Parashat Vayera 5775 — 11/05/2014

So Abram said to Lot … Please separate from me; If you go left then I will go right, and if you go right then I will go left.

So Lot raised his eyes and saw the entire plain of the Jordan that it was w ell watered everywhere – before Hashem destroyed Sodom and Gomorrah – like the garden of Hashem, like the land of Egypt going towards Tzoar.  So Lot chose for himself the whole plain of the Jordan, and Lot journeyed from the east; thus they parted, each man from upon his brother.  (13:8-11)

Most of us are familiar with the fact that before we say HaMotzi Lechem min haAretz and break bread, we must wash our hands.  The reason for this is that the Rabbis instituted a form of ritual impurity (tumah) that affects the hands and must be rinesed away before eating bread.  The reason is because certain kinds of foods have a level of holiness that renders them disqualified if a person who is ritually impure touches them.

Less familiar, perhaps, is the halachah that one must wash ones hands again after eating.  This latter washing is called mayim acharonim or “after waters,” and it was instituted because the Sages were concerned that people would get “salt of Sodom” on their hands during the meal, and if they then touched their eyes, it could cause blindness.

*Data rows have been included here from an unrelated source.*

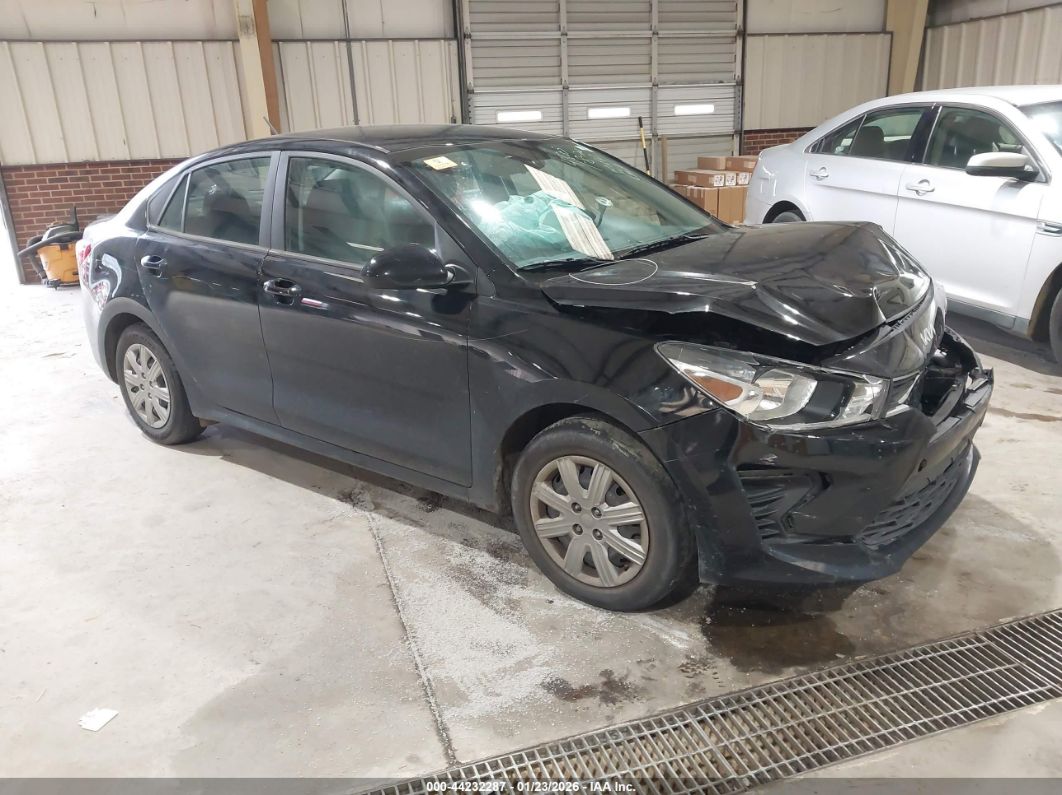 Kia Rio 2023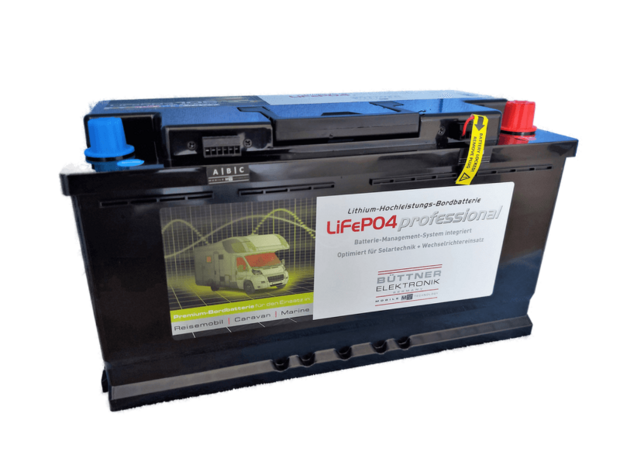 Lithiumbatterie nachrüsten für Wohnmobile in Werkstatt Lithiumbatterie nachrüsten in Wohnmobil Werkstatt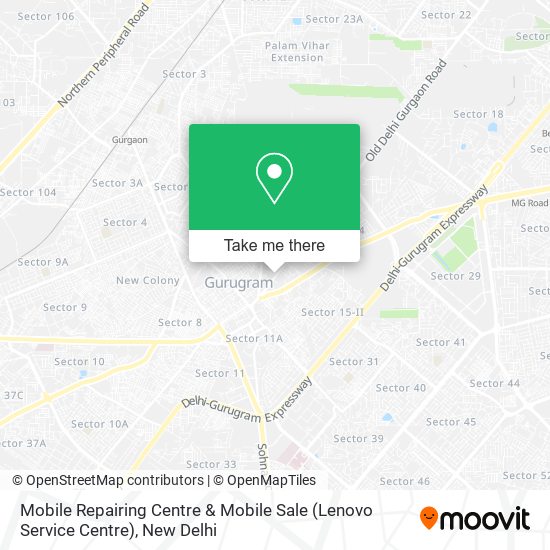 Mobile Repairing Centre & Mobile Sale (Lenovo Service Centre) map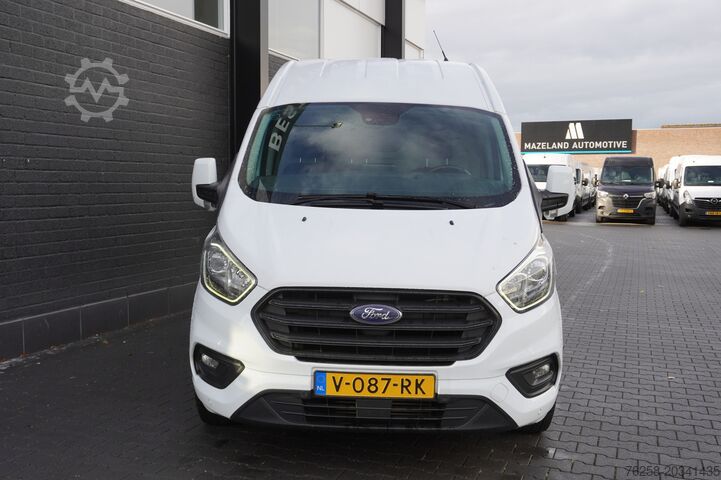 Bestelbus Ford Transit Custom 2.0 TDCI 130PK L1H2 Automaat EUR...
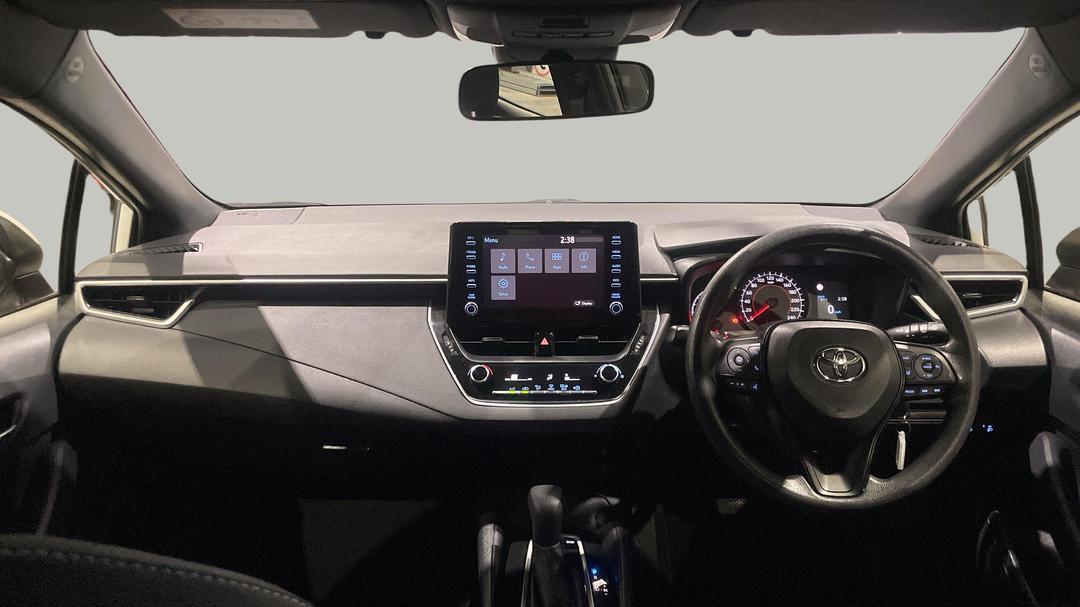 2020 Toyota Corolla Ascent Sport, Automatic, 26325 km, Dashboard View
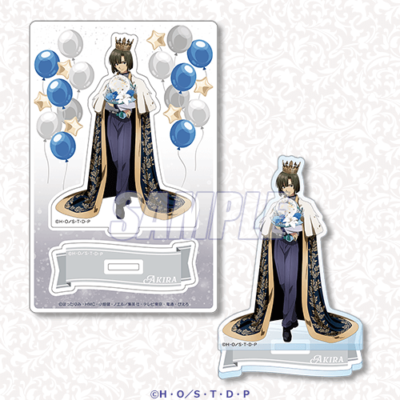TVアニメ『ヒカルの碁』塔矢アキラBirthdayくじ B賞:アクリルスタンドフィギュア
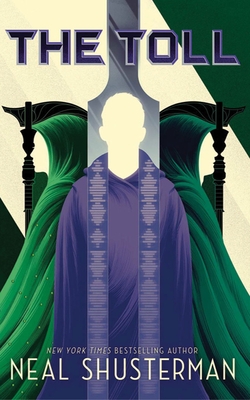 The Toll (Arc of a Scythe #3) Cover Image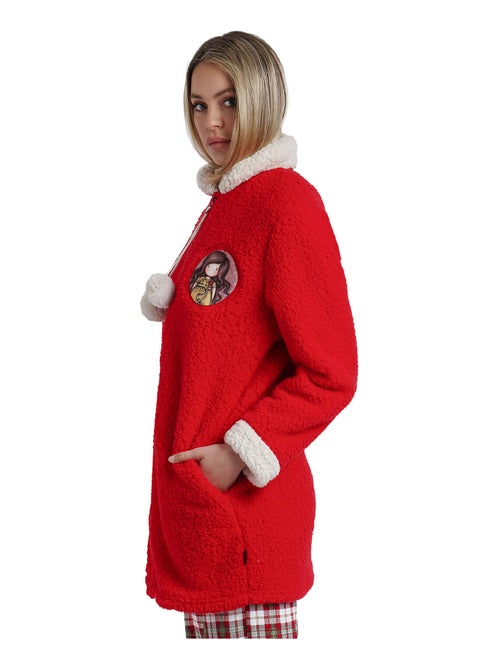 Veste d'intérieur Undone Santoro - Kiabi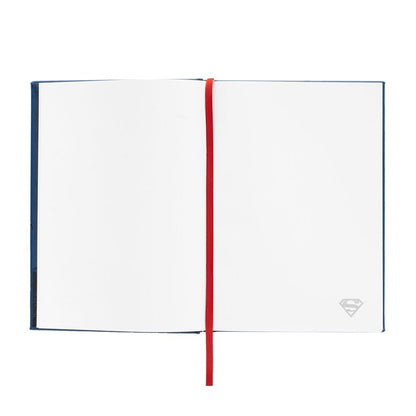 Cuaderno A5 premium Superman DC Comics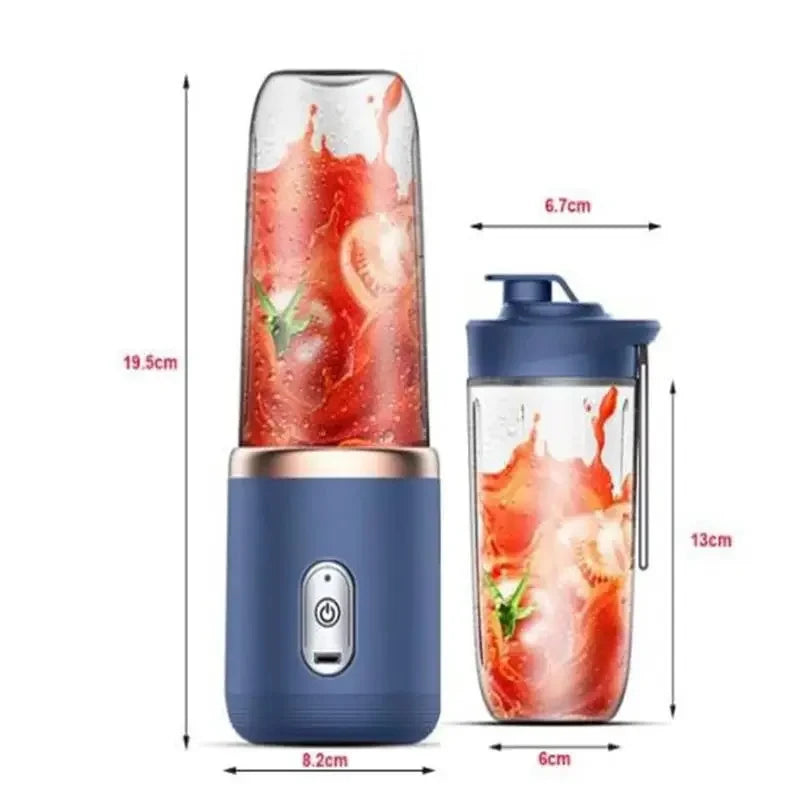 1pc Portable Small Electric Juicer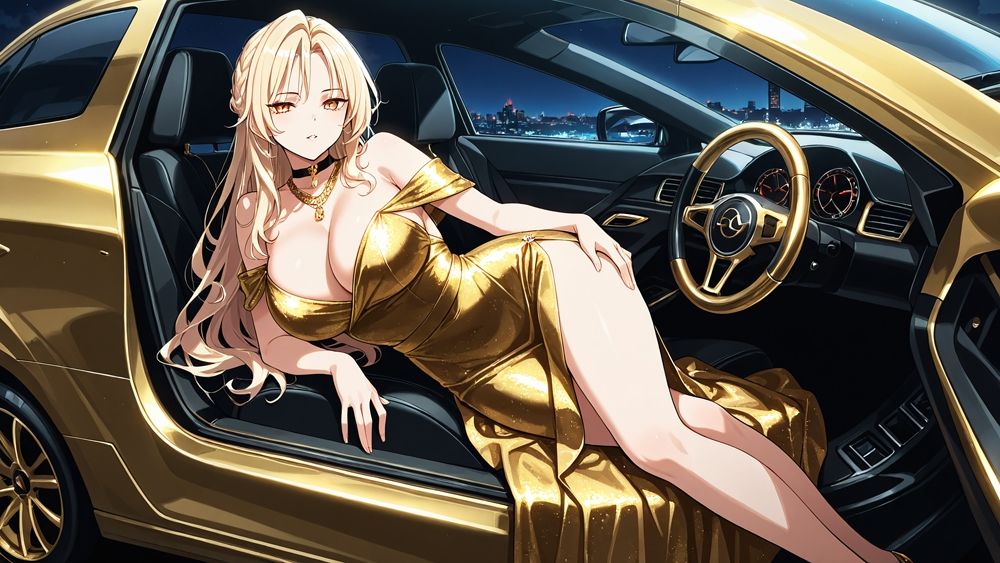 爆乳赤髪金髪グラドルが秘密撮影会で中出し交尾【4K】【450枚収録】のサンプル画像 6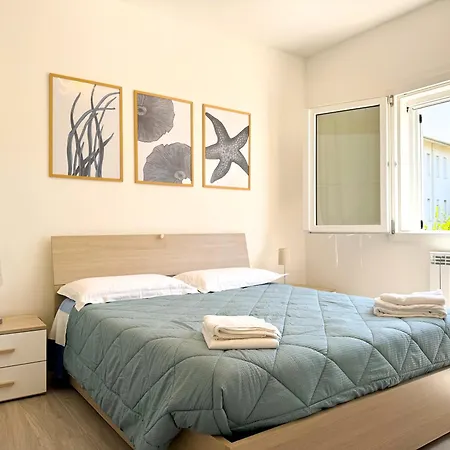 Apartment Casa Indipendente, 500 M Dal Mare, Wifi, Free Park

I want to interject a point here.  We don’t know exactly what “Sodom salt” is, or was, but it’s a safe guess to say that we don’t have it here in North America, 10,000 km from the Jordan River watershed.  In addition, I don’t think there is any medical evidence of salt’s causing blindness, let alone a salt residue on our hands.  Yet the halachah still is binding.  Why should that be?  We’ll get an insight into this question when we get to Rav Kook’s explanation, but suffice it to say that just because we don’t understand the Sages’ explanations, or think they don’t apply any more, or apply to us, doesn’t mean that we have plumbed the depths of their reasoning, nor does it give us leave to decide that their enactments can be ignored.  One example before we return to our main theme: In those years where Rosh haShanah falls on Shabbat, we don’t blow the shofar.  The stated reason is that we might come to carry it in the public domain to bring it to someone who knows how to blow it so that we may learn.  But suppose the shofar is in the synagogue, ready to be blown for the congregation?  Further, suppose the city is joined in an eruv chatzeirot, in which case carrying is permitted?  Why should we not blow, as we are commanded to in the Torah?  One answer might be that the call of the shofar is really a crying out to Gd, a wordless prayer expressing our pain at our self-imposed separation from Gd.  Such cries are inappropriate for Shabbat, which is a “taste of the World-to-Come,” the world of perfection.  Why didn’t the Sages tell us this explicitly?  I don’t know – maybe they left it as an “exercise for the student.”  Likely there are many more layers of meaning behind this enactment, and all the enactments that define the life of an observant Jew, that serve to align his thinking and behavior with Gd’s Will.  Until and unless we’re at the level of the Sages, they could talk themselves blue in the face and we still wouldn’t get it.  But if we have a little trust and follow their guidelines, we might get to that point.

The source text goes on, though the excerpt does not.